Print the entries below again exactly as they stand, but skip any picture.

#### Information provided ####

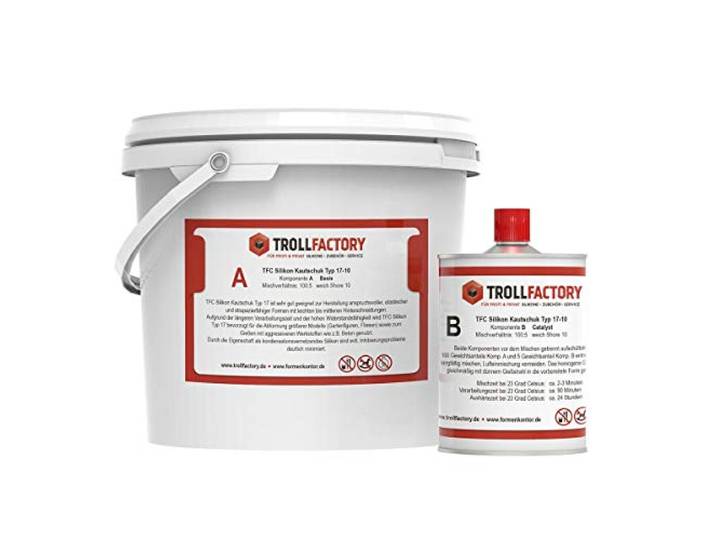 TFC Silikon Kautschuk Typ 17 RTV NV weisslich Shore 10 kondensation 100:5 Dubliersilikon Betonguss 5,25kg (5kg + 0,250kg)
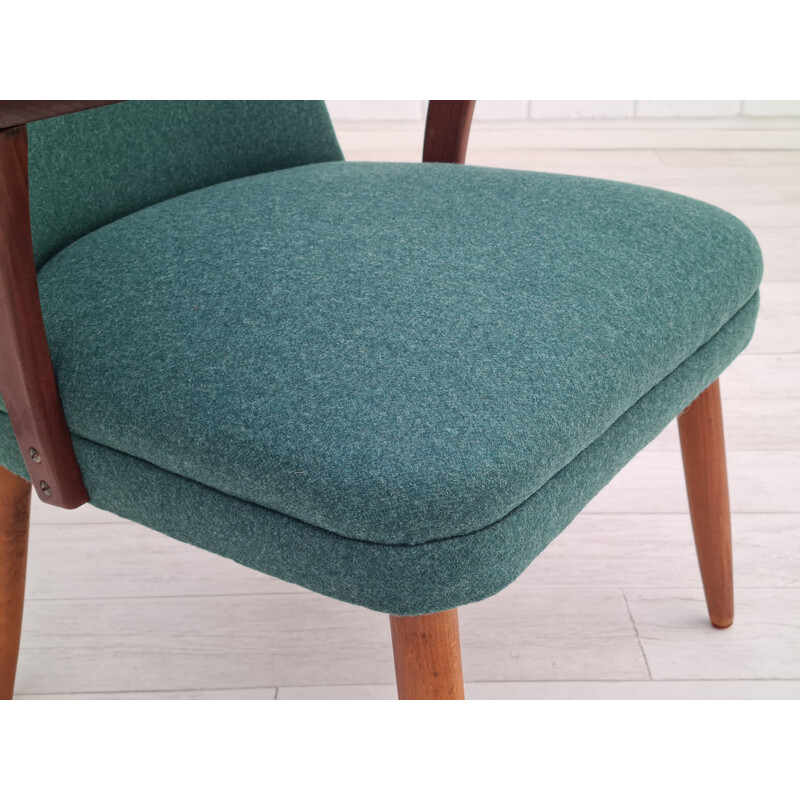 Fauteuil vintage en laine de teck danois 1960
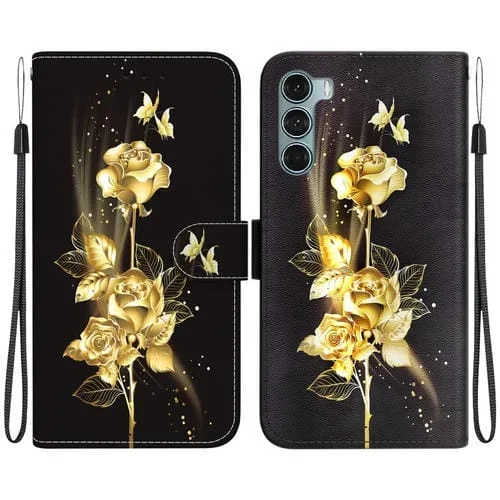 Funda de Cuero para Motorola Moto G200 5G con Dibujo Coloreado y Textura de Cristal (Mariposa Dorada Rosa)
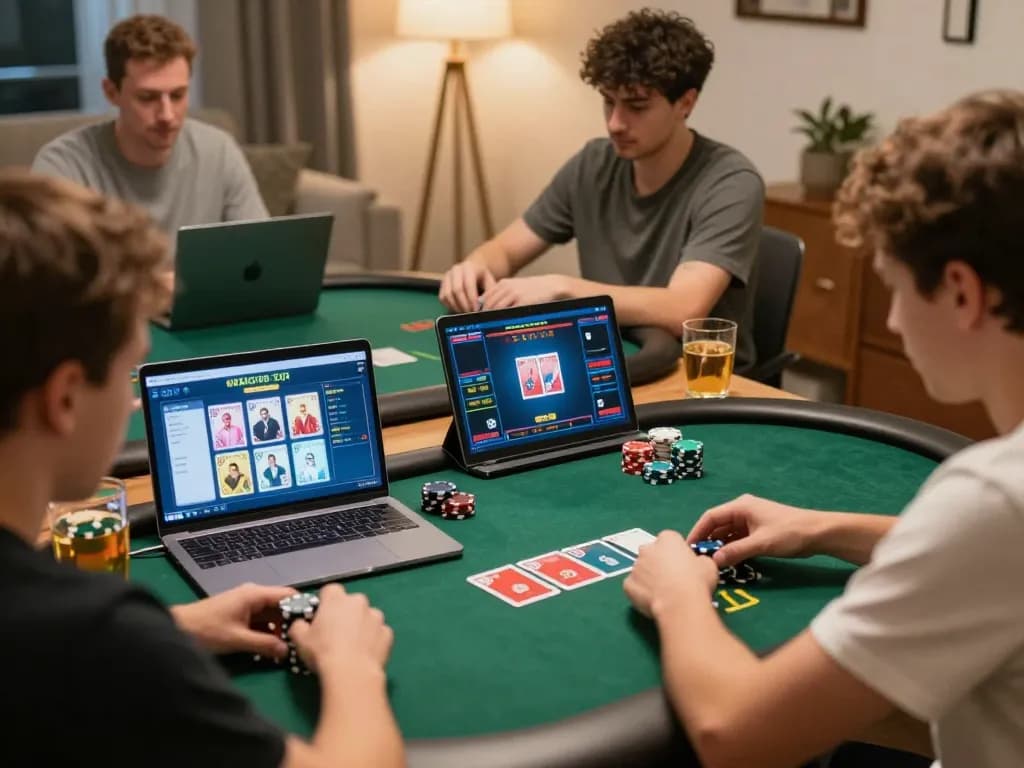 Engaging players enjoying an online poker game with 68win in a cozy setting, highlighting strategy and excitement.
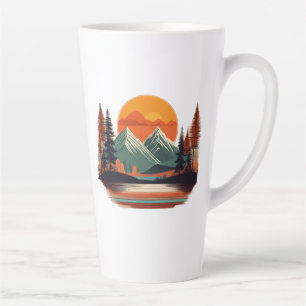 Minimalistische Mountain Scene Latte Mok - 17 oz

####

• [Output of the exercise]:
 TFC Silikon Kautschuk Typ 17 RTV NV weisslich Shore 10 kondensation 100:5 Dubliersilikon Betonguss 5,25kg (5kg + 0,250kg)
 Fauteuil vintage en laine de teck danois 1960
 Funda de Cuero para Motorola Moto G200 5G con Dibujo Coloreado y Textura de Cristal (Mariposa Dorada Rosa)
 Engaging players enjoying an online poker game with 68win in a cozy setting, highlighting strategy and excitement.
 Minimalistische Mountain Scene Latte Mok - 17 oz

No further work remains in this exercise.